—¿Con quién más has hablado de esto? ¿Con Tamurello?
—Con nadie, excepto contigo. ¡Hay que actuar con discreción!
—Has hecho bien.
Visbhume se puso en pie.
—¡Gracias, majestad! ¿Cuál será mi recompensa? Espero una agradable finca.
—Cada cosa a su tiempo. Antes debemos llevar este asunto hasta el final.

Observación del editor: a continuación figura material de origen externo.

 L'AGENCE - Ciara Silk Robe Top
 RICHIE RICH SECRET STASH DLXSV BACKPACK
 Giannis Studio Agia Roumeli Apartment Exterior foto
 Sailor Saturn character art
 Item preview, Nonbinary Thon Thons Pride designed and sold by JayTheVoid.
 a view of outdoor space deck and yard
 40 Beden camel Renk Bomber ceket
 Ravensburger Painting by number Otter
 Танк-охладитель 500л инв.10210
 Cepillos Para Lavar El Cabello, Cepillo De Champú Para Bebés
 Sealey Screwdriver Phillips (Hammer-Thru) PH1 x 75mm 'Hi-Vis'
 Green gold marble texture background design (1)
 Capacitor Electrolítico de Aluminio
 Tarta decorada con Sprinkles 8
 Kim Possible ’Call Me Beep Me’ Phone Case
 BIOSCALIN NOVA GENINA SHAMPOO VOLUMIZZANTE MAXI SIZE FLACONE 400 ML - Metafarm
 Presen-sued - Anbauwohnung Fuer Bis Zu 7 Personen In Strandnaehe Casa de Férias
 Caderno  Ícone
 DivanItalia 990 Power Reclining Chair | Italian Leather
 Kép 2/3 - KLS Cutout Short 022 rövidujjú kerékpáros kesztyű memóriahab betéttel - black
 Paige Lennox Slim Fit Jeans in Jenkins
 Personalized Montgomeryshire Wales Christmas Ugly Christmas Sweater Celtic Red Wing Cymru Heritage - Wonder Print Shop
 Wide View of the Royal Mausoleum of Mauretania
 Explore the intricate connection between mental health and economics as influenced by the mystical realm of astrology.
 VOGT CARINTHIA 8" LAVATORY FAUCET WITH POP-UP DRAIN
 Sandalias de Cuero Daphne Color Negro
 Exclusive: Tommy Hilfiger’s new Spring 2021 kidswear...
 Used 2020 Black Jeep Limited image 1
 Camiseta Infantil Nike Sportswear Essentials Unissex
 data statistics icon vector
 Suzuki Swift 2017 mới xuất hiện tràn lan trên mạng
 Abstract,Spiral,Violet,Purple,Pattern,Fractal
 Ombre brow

—¿Te refieres al niño? —preguntó huecamente Visbhume.
—Desde luego. Ahora tendría cinco años. Tal vez aún vive con las hadas.
Visbhume torció el gesto.
—Lo dudo. Son propensas a caprichos y arrebatos. Sus entusiasmos nunca duran. El niño habrá sido expulsado al bosque y devorado por las fieras.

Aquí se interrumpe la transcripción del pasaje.